The chromatic convergence theorem of Ravenel and Hopkins asserts that, if $X$ is a $p$-local finite spectrum, then the homotopy limit $\text{holim}_n L_{E(n)}(X)$ of the localizations of $X$ at each of the Johnson-Wilson $E$-theories $E(n)$ is homotopy-equivalent to $X$ itself. One way of seeing the chromatic convergence theorem is by regarding the functor sending a spectrum $X$ to $\text{holim}_n L_{E(n)}(X)$ as a kind of completion, "chromatic completion," which has the agreeable property that $p$-local finite spectra are all already chromatic complete. Then there are two natural questions:

1. Given a (not necessarily finite) spectrum $X$, is there a criterion that lets us decide easily whether $X$ is chromatically complete or not?

2. Given a nonclassical setting for homotopy theory, such as equivariant spectra or motivic spectra, what analogue of the chromatic convergence theorem might hold?

We give an answers to each of these two questions. For a symmetric monoidal stable model category $C$ satisfying some reasonable hypotheses, we produce a natural notion of "chromatic completion," as well as the notion of a "chromatic cover," a commutative monoid object which shares important properties with the complex cobordism spectrum $MU$ from classical stable homotopy theory.

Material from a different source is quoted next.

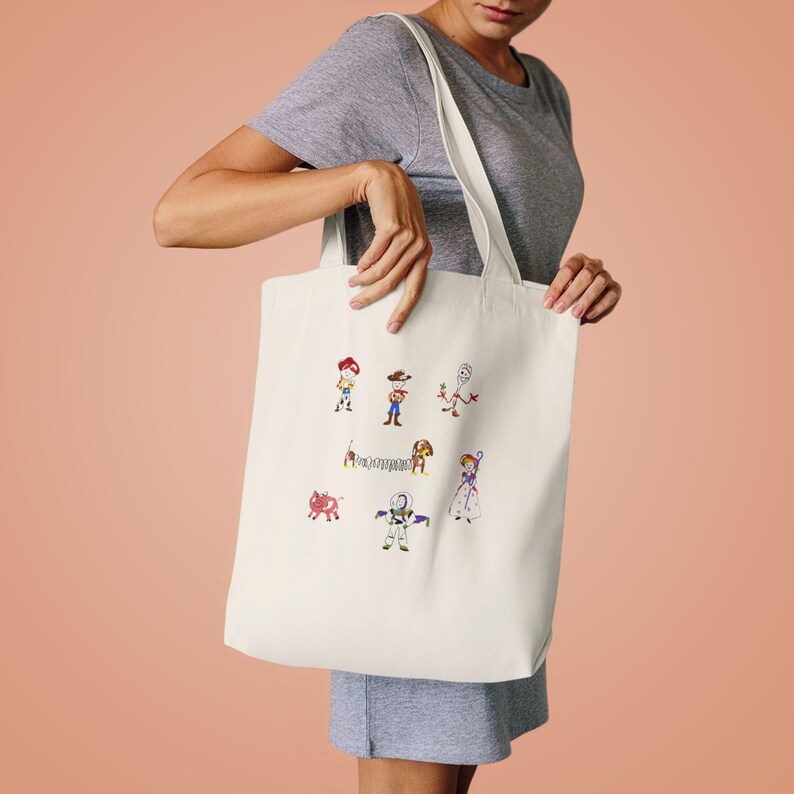 Toy Story Characters Tote Bag | Woody Buzz Jessie Bo Peep Alien Tote image 1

We show that, if a chromatic cover exists in $C$, then any object $X$ satisfying Serre’s condition $S_n$ for any $n$ is chromatically complete if and only if the microlocal cohomology of $X$ vanishes. (Of course we have to define Serre’s condition $S_n$ as well as microlocal cohomology in this context!)

We get two important corollaries: first, by computing some microlocal cohomology groups, we find that large classes of non-finite classical spectra are not chromatically complete, such as the connective spectra $ku$ and $BP\langle n \rangle$ for all finite $n$. We also get some non-chromatic-completeness results for $\text{ko}$, $\text{tmf}$, and $\text{taf}$. Second, we get conditions under which a chromatic completion theorem can hold for motivic and equivariant spectra: one needs a chromatic cover to exist in those categories of spectra. We identify a candidate for such a chromatic cover for motivic spectra over $\text{Spec}\, C$, assuming the Dugger-Isaksen nilpotence conjecture.